> **The data**
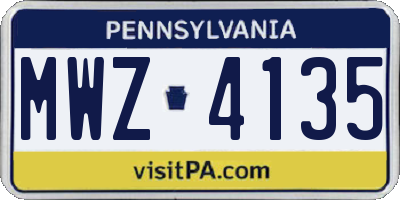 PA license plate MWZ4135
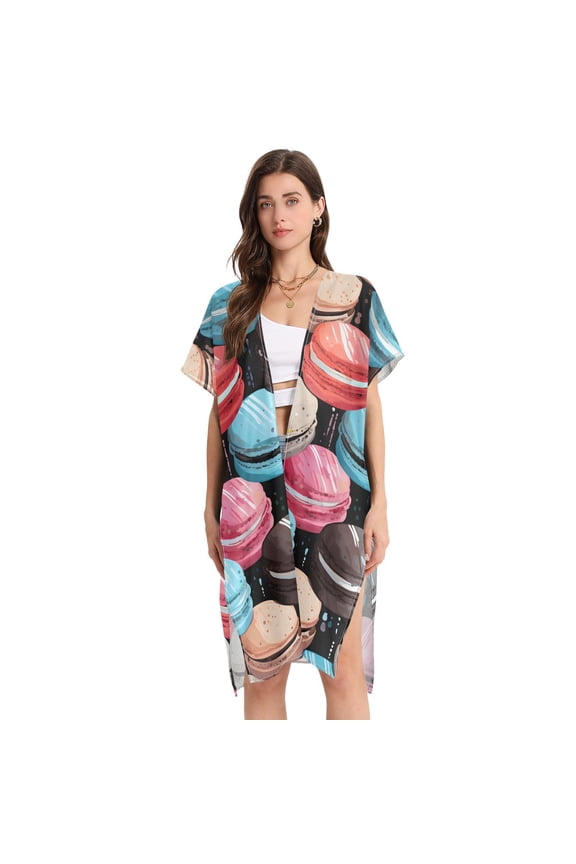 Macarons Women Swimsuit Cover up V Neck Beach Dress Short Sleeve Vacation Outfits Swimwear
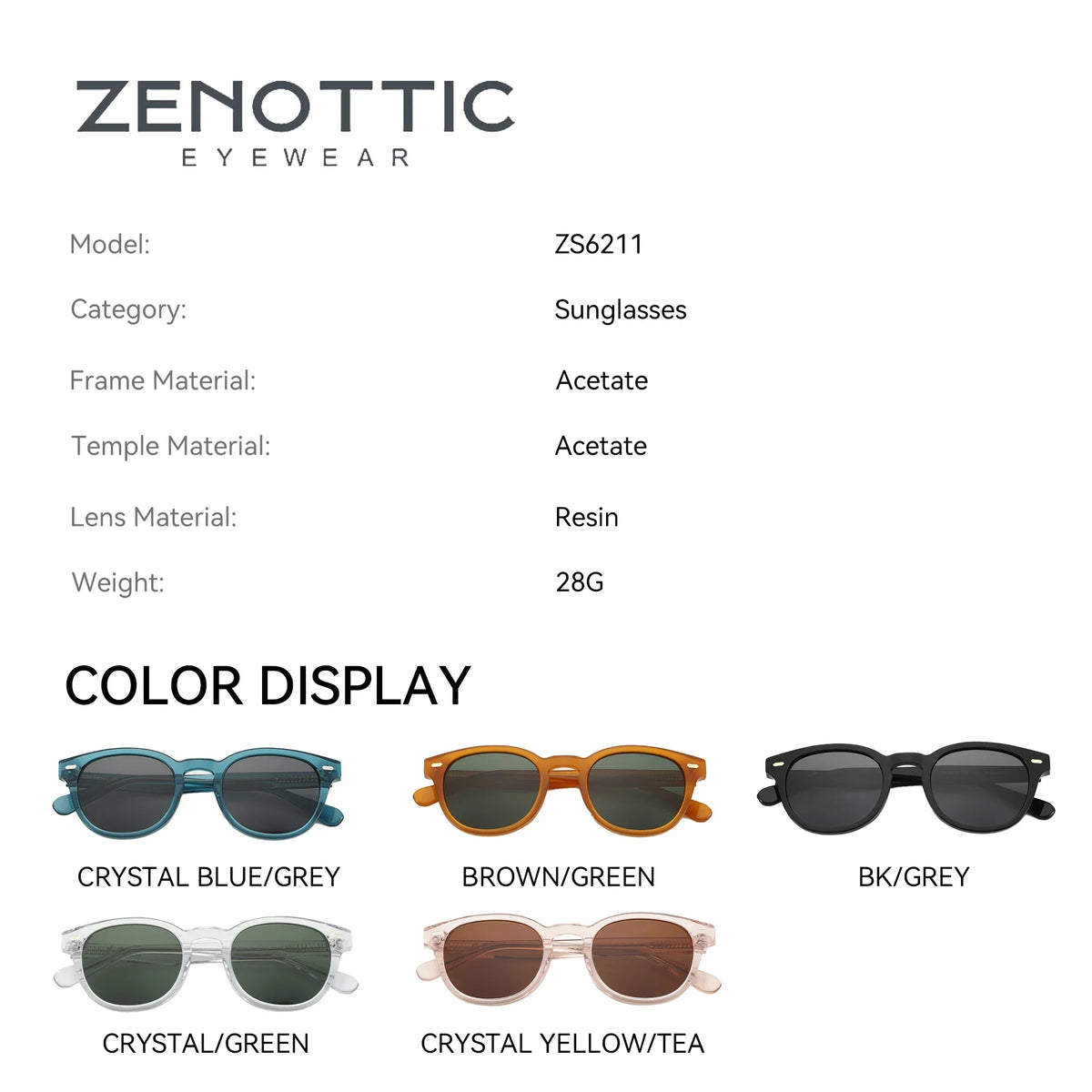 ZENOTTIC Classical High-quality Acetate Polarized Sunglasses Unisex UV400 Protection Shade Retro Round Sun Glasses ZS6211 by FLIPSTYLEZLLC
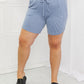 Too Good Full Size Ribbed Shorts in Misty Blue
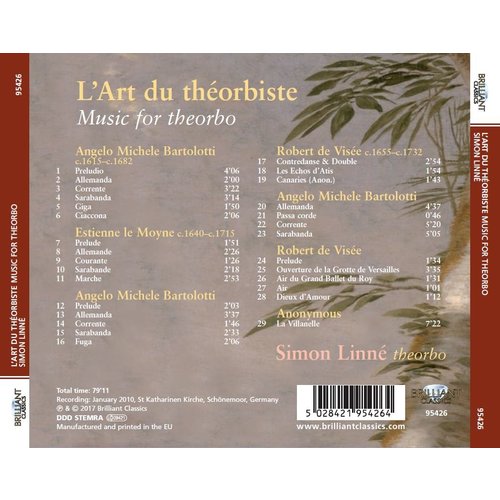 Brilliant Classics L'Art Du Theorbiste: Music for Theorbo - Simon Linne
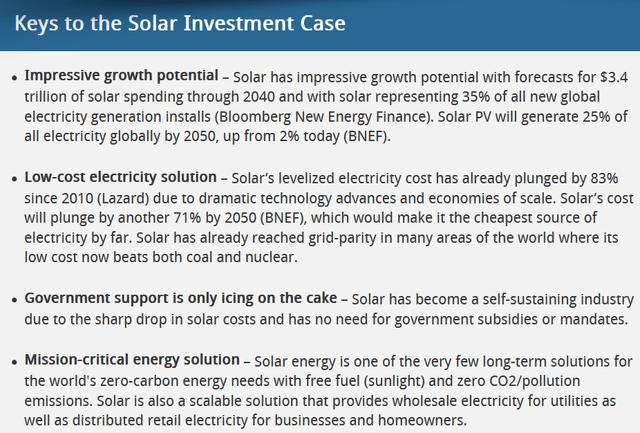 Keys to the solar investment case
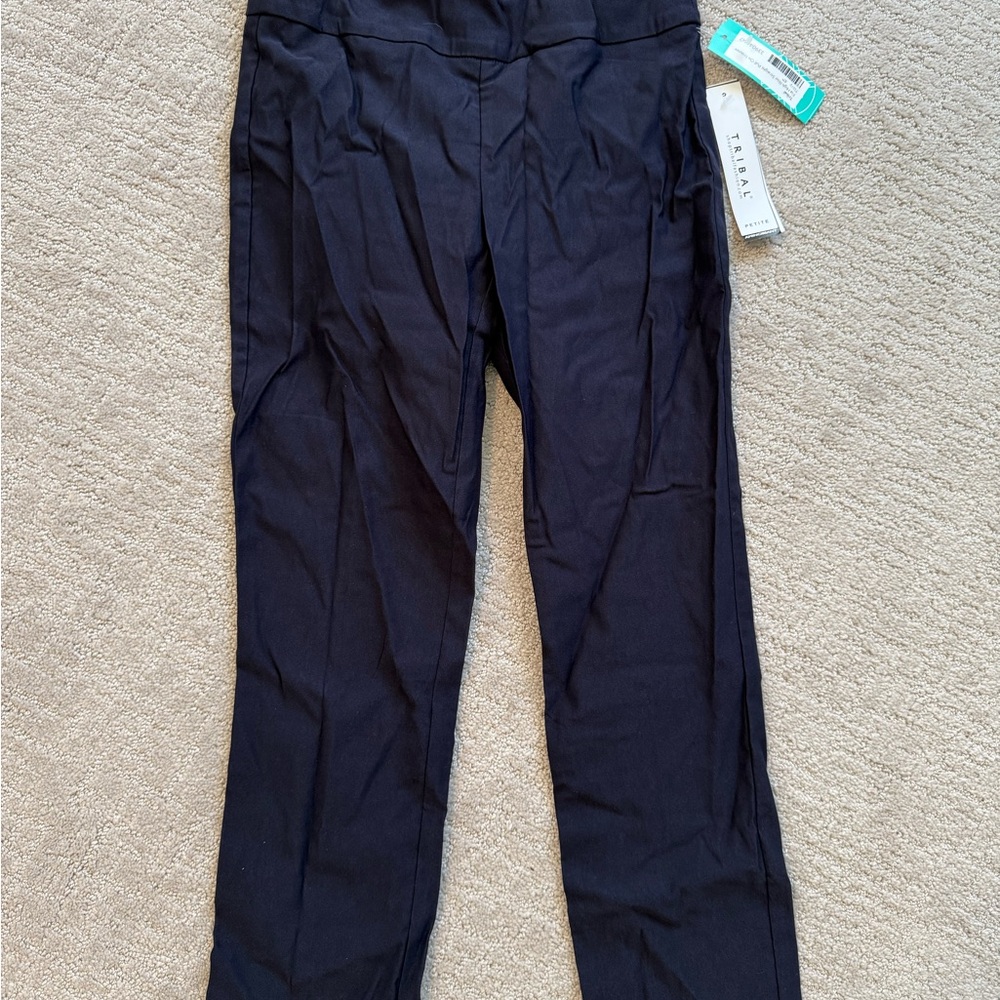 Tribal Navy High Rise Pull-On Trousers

> **Work to be completed**
All lines from the one containing "ZENOTTIC Classical High-quality" through the end of the data are to be written out exactly, with nothing added; skip the pictures.

> **Answer box**
 ZENOTTIC Classical High-quality Acetate Polarized Sunglasses Unisex UV400 Protection Shade Retro Round Sun Glasses ZS6211 by FLIPSTYLEZLLC
 Too Good Full Size Ribbed Shorts in Misty Blue
 Brilliant Classics L'Art Du Theorbiste: Music for Theorbo - Simon Linne
 Keys to the solar investment case
 Tribal Navy High Rise Pull-On Trousers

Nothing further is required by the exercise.